%%
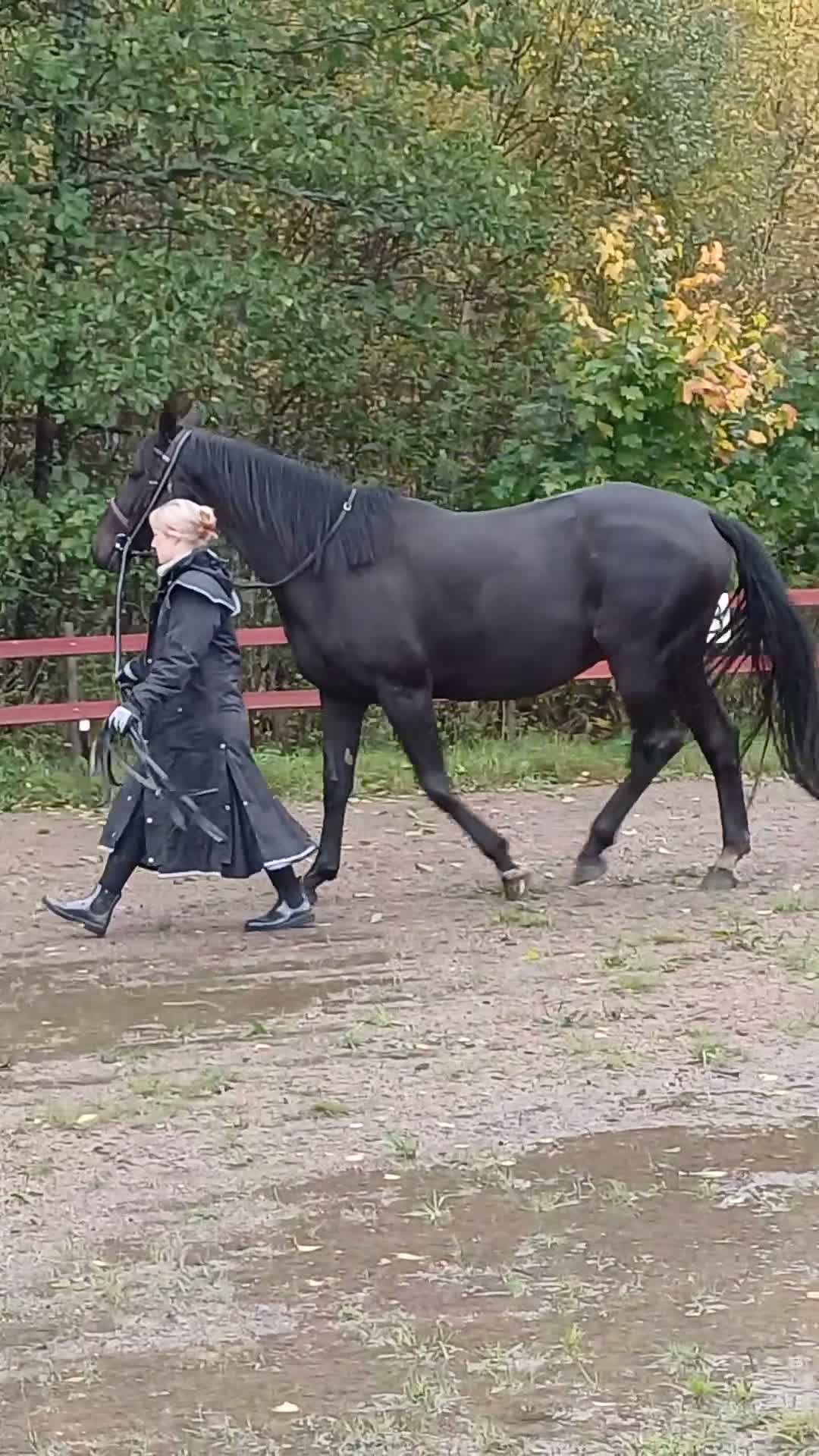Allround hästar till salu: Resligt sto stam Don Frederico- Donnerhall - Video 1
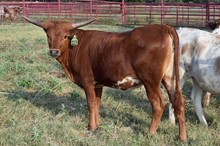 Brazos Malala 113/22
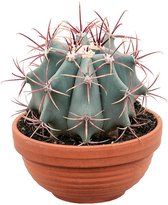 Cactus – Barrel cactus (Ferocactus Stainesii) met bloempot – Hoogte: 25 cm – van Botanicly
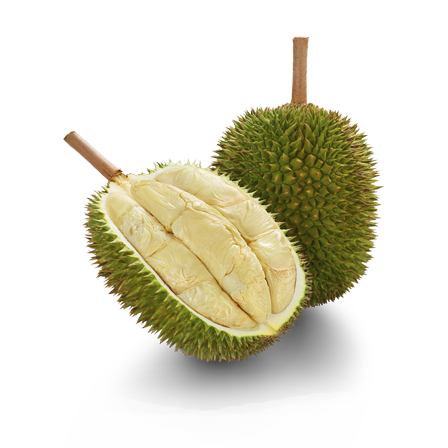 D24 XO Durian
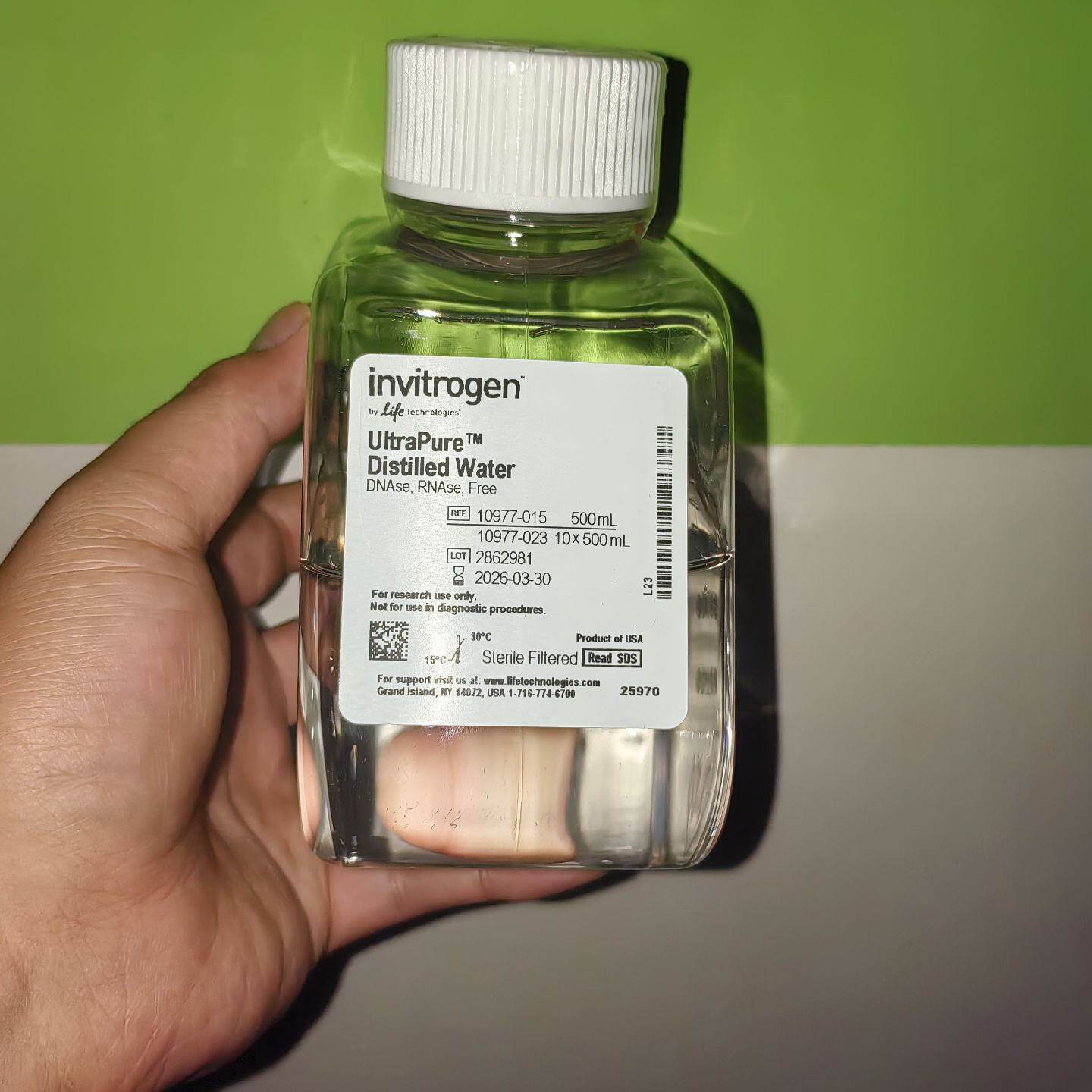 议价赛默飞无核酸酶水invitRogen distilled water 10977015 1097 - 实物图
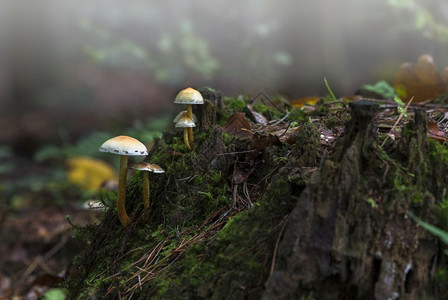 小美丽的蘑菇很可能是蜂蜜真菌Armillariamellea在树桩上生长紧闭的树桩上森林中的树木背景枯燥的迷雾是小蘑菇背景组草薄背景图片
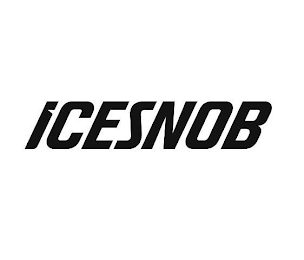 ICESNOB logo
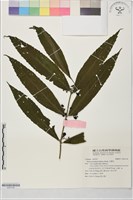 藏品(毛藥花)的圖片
%%
### Assignment
Could you transcribe the material above exactly, keeping every picture out?

### Reply
Allround hästar till salu: Resligt sto stam Don Frederico- Donnerhall - Video 1
 Brazos Malala 113/22
 Cactus – Barrel cactus (Ferocactus Stainesii) met bloempot – Hoogte: 25 cm – van Botanicly
 D24 XO Durian
 议价赛默飞无核酸酶水invitRogen distilled water 10977015 1097 - 实物图
 小美丽的蘑菇很可能是蜂蜜真菌Armillariamellea在树桩上生长紧闭的树桩上森林中的树木背景枯燥的迷雾是小蘑菇背景组草薄背景图片
 ICESNOB logo
 藏品(毛藥花)的圖片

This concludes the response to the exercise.